Attached files

file filename
8-K - INSMED INC 8-K 3-15-2012 - INSMED Incform8k.htm

EXHIBIT 99.1
 
Conference Call Transcript
INSM – Q4 2011 Insmed Inc Earnings Conference Call
Event Date/Time: March 13, 2012 / 12:30PM  GMT

CORPORATE PARTICIPANTS
 Brian Ritchie FTI Consulting - IR
 
 Tim Whitten Insmed Incorporated - President & CEO
 
 Kevin Tully Insmed Incorporated - EVP & CFO
 
CONFERENCE CALL PARTICIPANTS
 Chris Marai Wedbush Morgan - Analyst
 
 Stuart HarrisonPrivate Investor
 
 PRESENTATION
 

Operator
 
 Good day, ladies and gentlemen, and welcome to the fourth quarter 2011 and full year Insmed Incorporated earnings conference call. My name is Lacey and I will be your coordinator for today.

At this time all participants are in listen-only mode. Later we will facilitate a question-and-answer session towards the end of the presentation. (Operator Instructions) As a reminder, this conference is being recorded for replay purposes.

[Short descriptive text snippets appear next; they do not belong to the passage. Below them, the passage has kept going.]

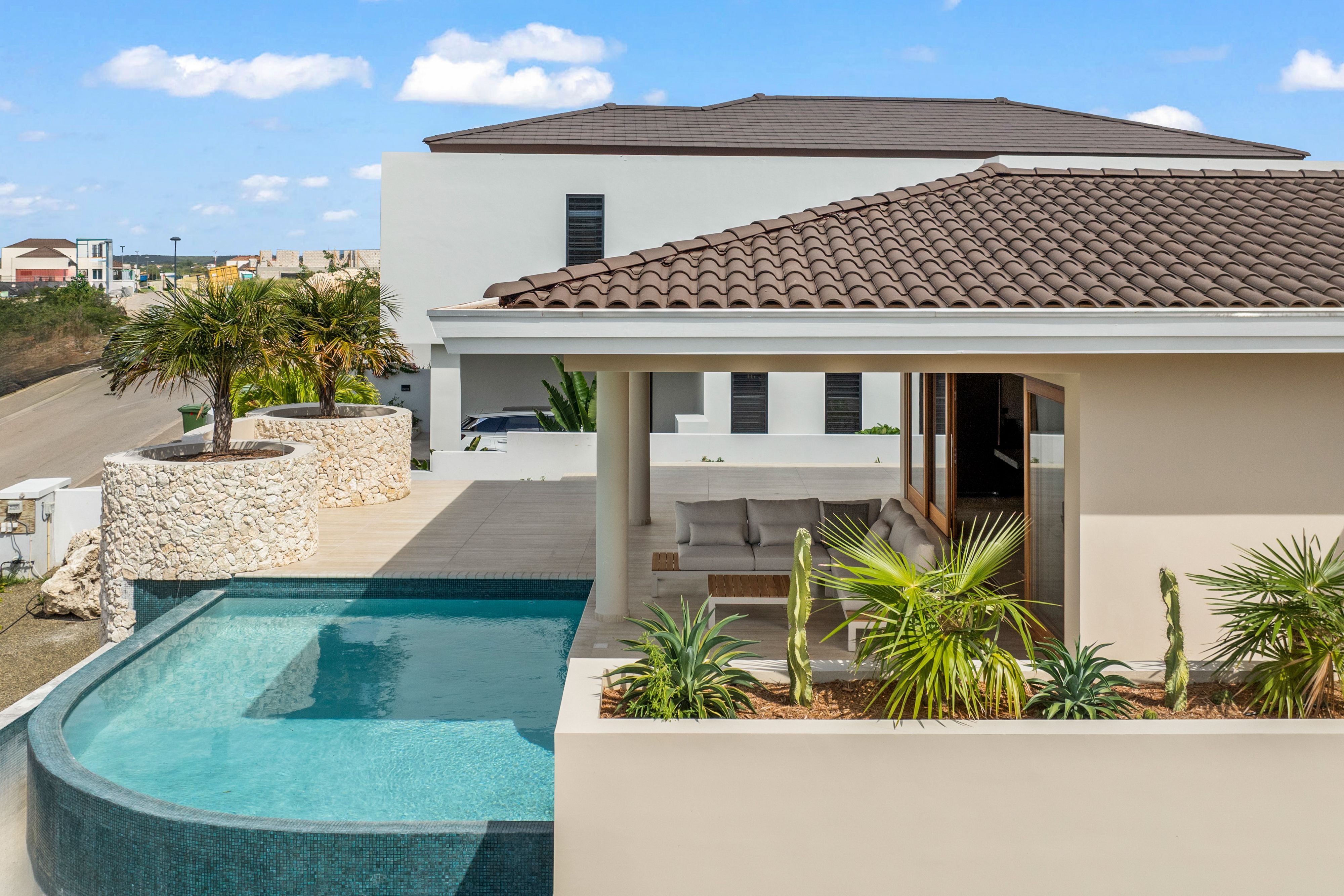 Villa in Blue Bay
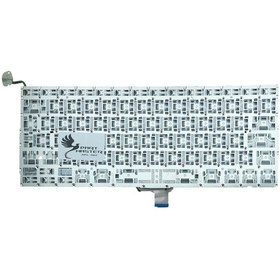 Resim Macbook Pro Uyumlu A1278 MD313LL/A Z0NJQ Klavye (Büyük Enter - UK) 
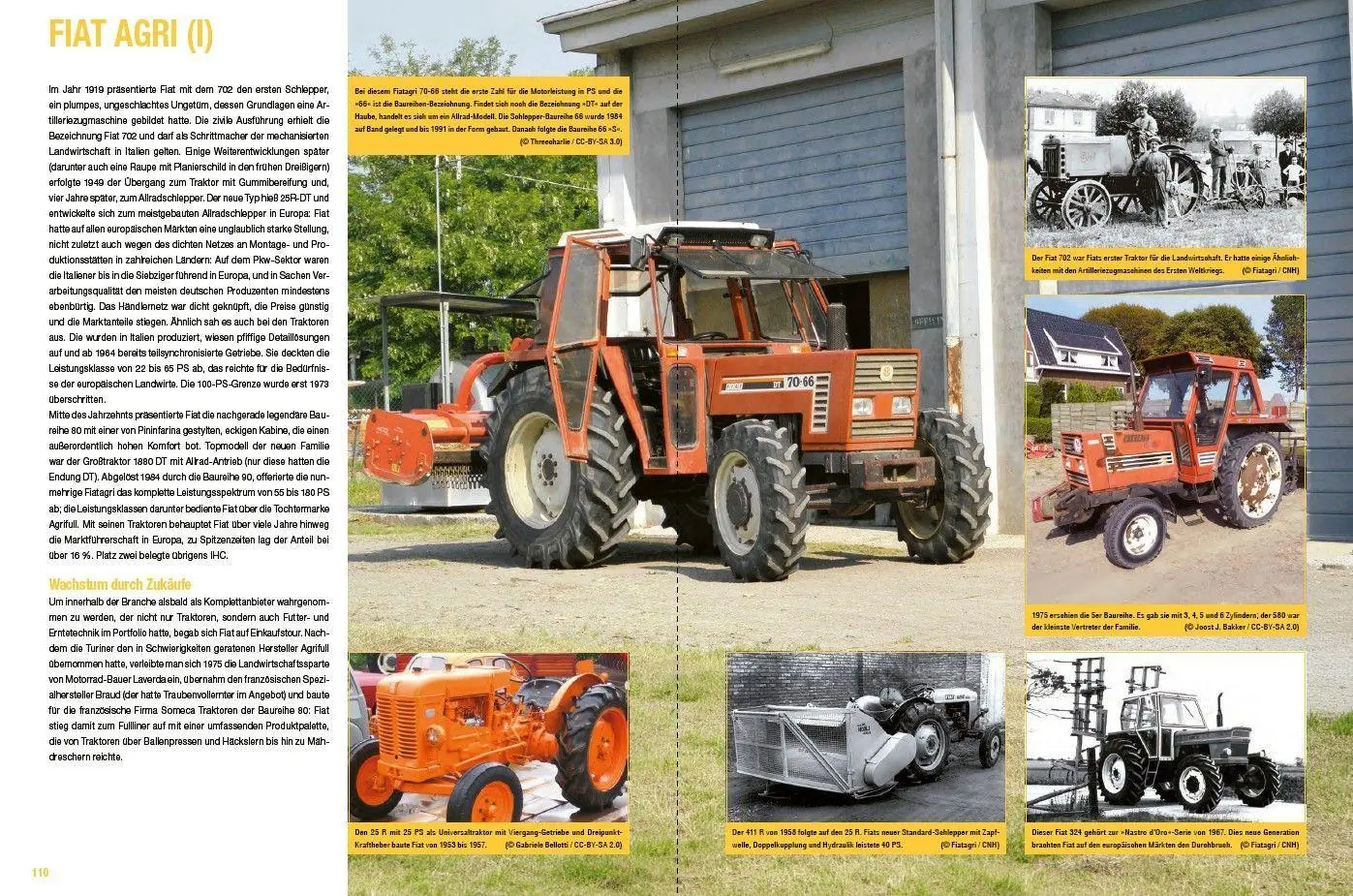 Bild: 9783613048775 | Traktoren aus aller Welt | Mit heraustrennbaren Quartett-Karten | Buch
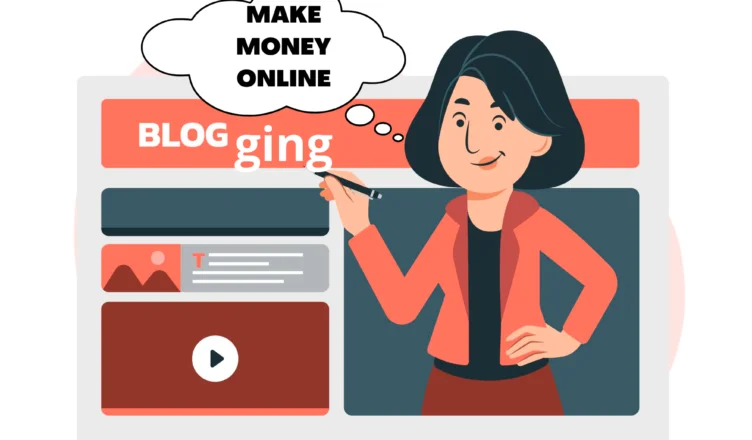 how to start with blogging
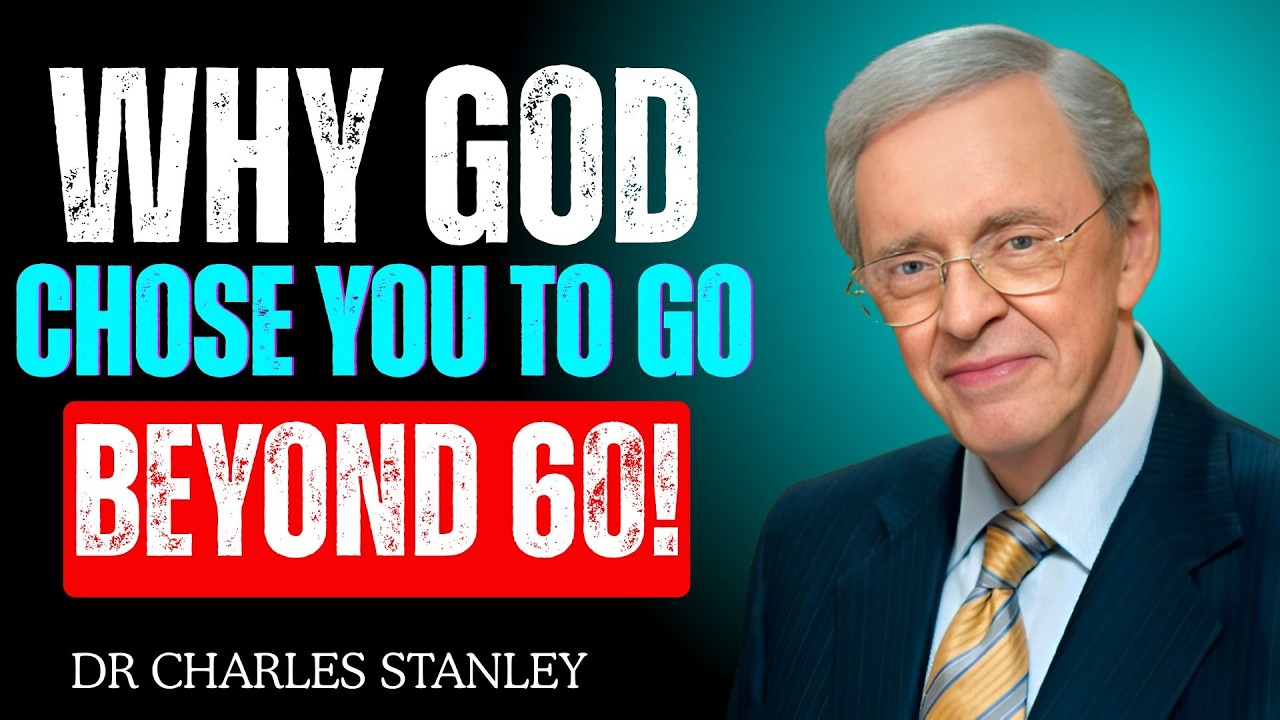 God Keeps You Alive After 60 For THIS Powerful Re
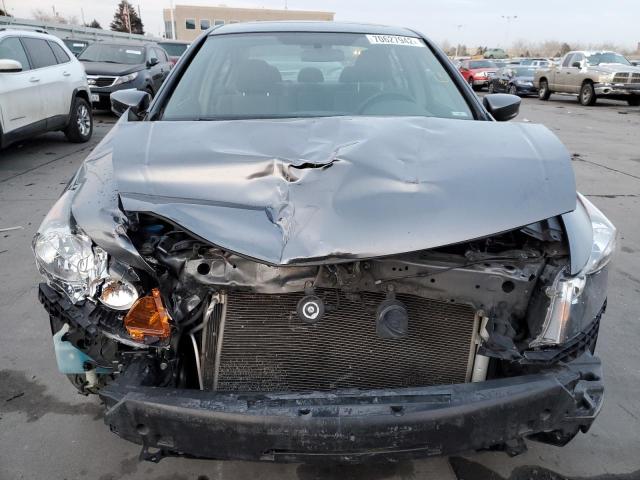 Photo 5 from auction – 2008 HONDA ACCORD EX with VIN JHMCP26718C040265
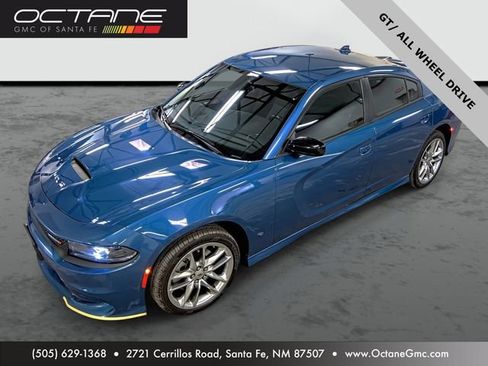 Used 2023 Dodge Charger GT image 1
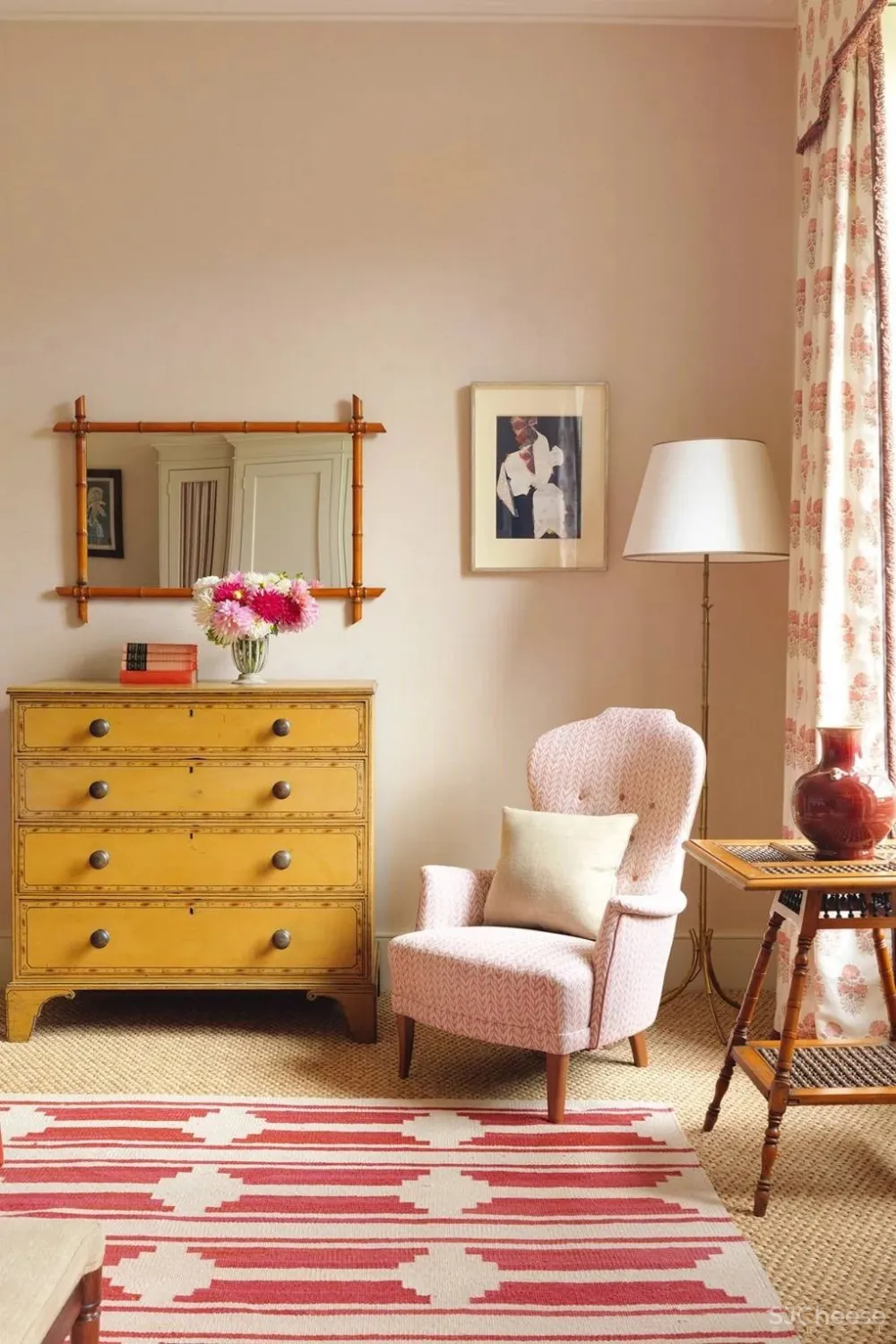 这样的配色，分分钟搞定挑剔的女人！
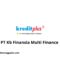 Gaji PT Kb Finansia Multi Finance 2024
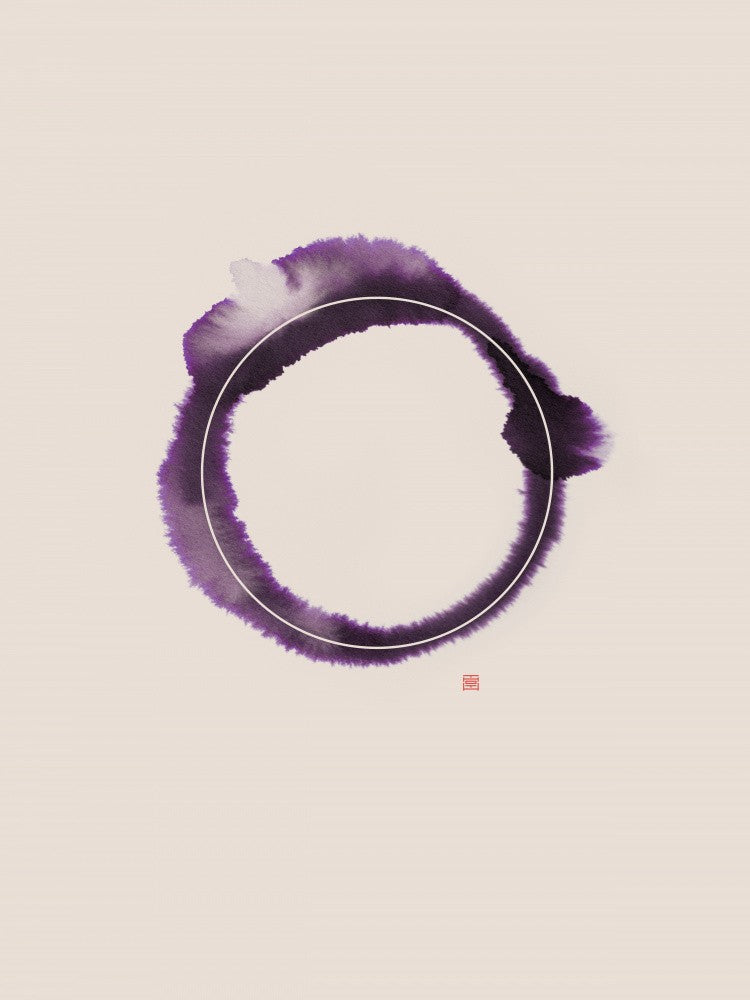 Circle N°3 | Rose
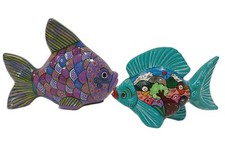 Two mexican talavera for sale  Panama City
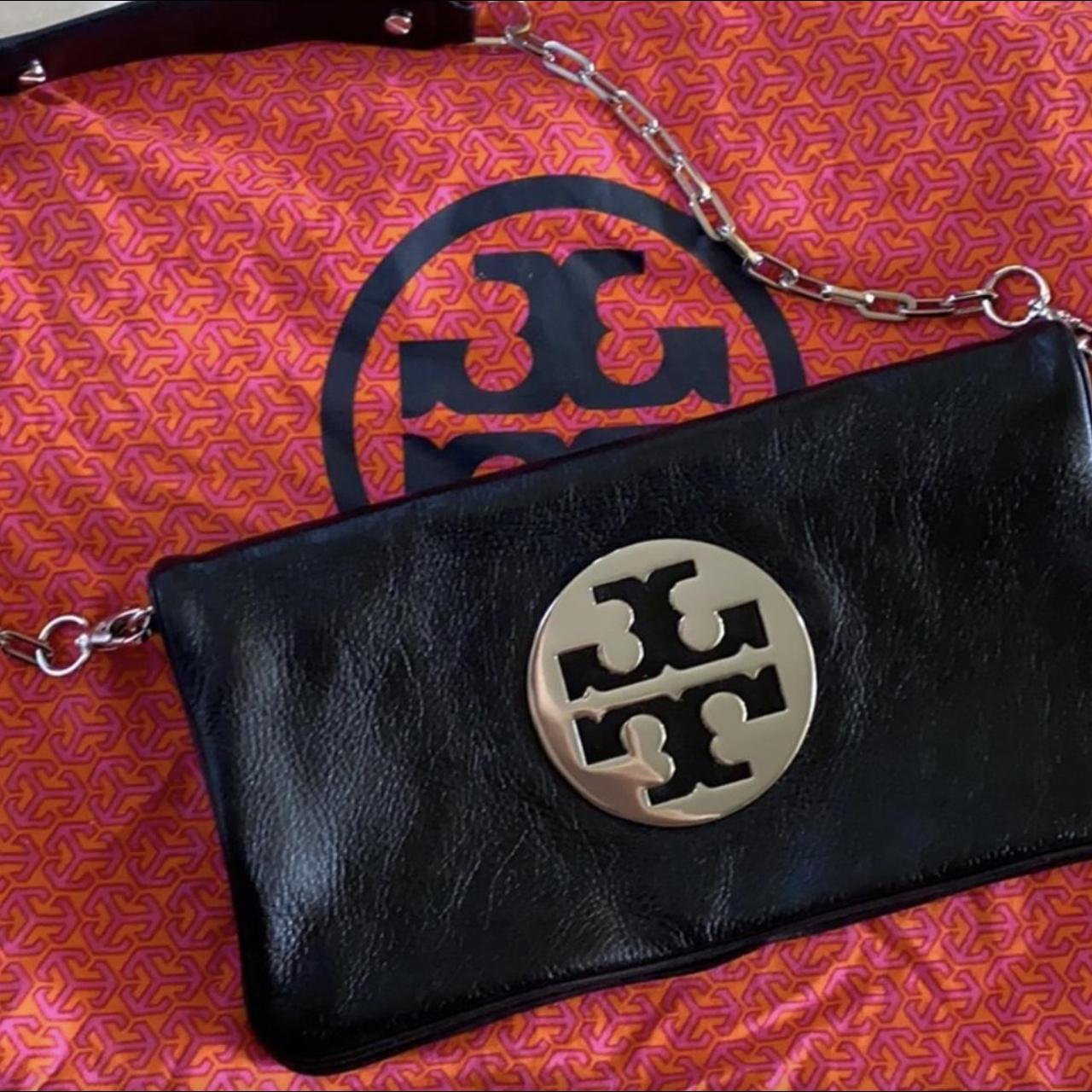 Amazon.com: Tory Burch Chain Purse Straps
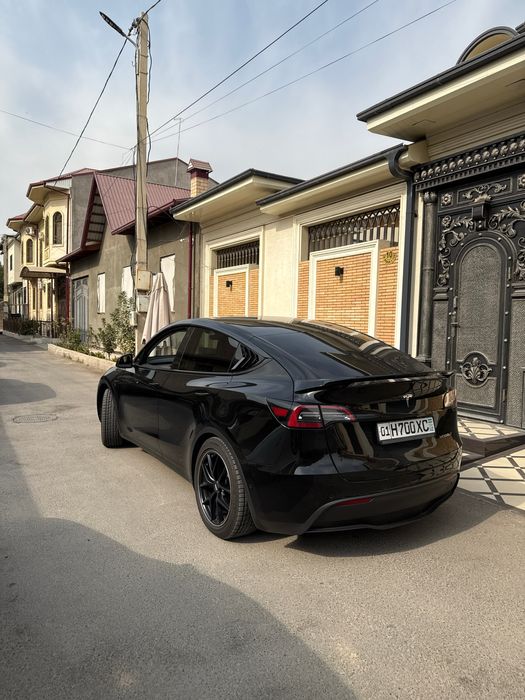 Tesla model Y standart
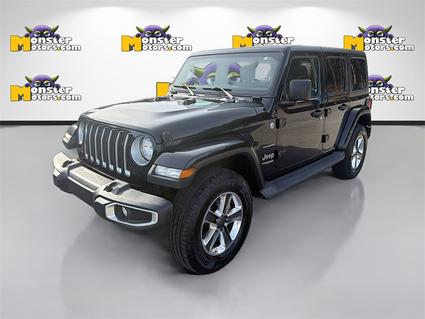 2020 Jeep Wrangler Louisville TN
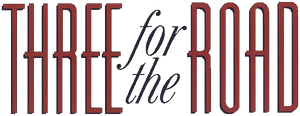 Three for the Road — Logos 2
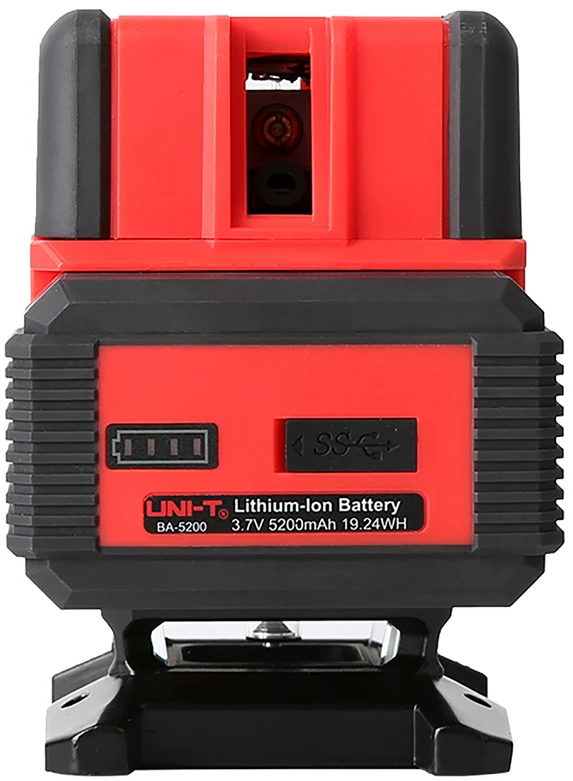 Poziomica Lazerinis nivelyras Uni-T LM585LD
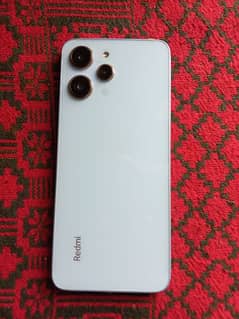 Xiaomi Redmi 12 With Complete Box WhatsApp Number 03264807263 0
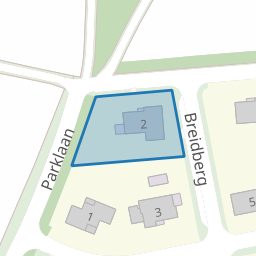 Perceel MLK00-E-5303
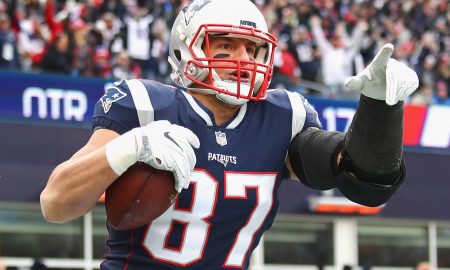Rob Gronkowski confirms he will play for Patriots this year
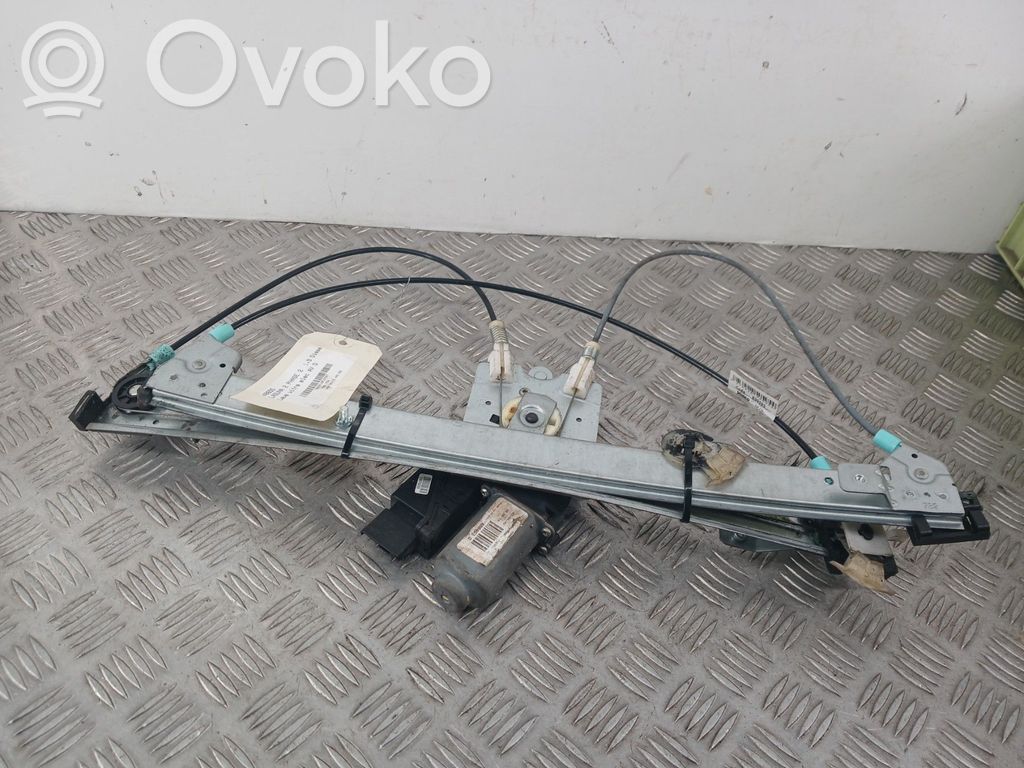Renault Laguna II Elektryczny podnośnik szyby drzwi przednich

I would now like to turn the presentation over to your host for today's call, Mr. Brian Ritchie of FTI Consulting.
 

Brian Ritchie - FTI Consulting - IR
 
 Thank you, Lacey. Good morning, everyone. This is Brian Ritchie from FTI Consulting and welcome to Insmed's fourth-quarter and year-end 2011 conference call. Insmed issued a press release this morning containing fourth-quarter and year-end 2011 financial results which is posted on the Company's website.

Today we are joined by Mr. Tim Whitten, President and CEO, and Mr. Kevin Tully, Executive Vice President and CFO. Tim will provide a business update followed by Kevin's review of the financials. Following the prepared remarks, Tim and Kevin will be available for a question-and-answer session. We would ask you to please limit yourself to one question and one follow-up so we have time for as many questions as possible.

Before we proceed with the call I would like to remind everyone that the safe harbor language contained in today's press release also pertains to this conference call and webcast. Please go ahead, Tim.


 Tim Whitten - Insmed Incorporated - President & CEO
 
 Thank you, Brian. Hello, everyone, and thank you for joining us on today's fourth-quarter and year-end 2011 conference call.

The fourth quarter and beginning of 2012 have been very busy for Insmed as we have made significant progress in moving forward with the development of our ARIKACE program. In January of this year the US Food & Drug Administration, or FDA, lifted the clinical hold previously placed on ARIKACE in patients with non-tuberculous mycobacteria, or NTM, lung disease.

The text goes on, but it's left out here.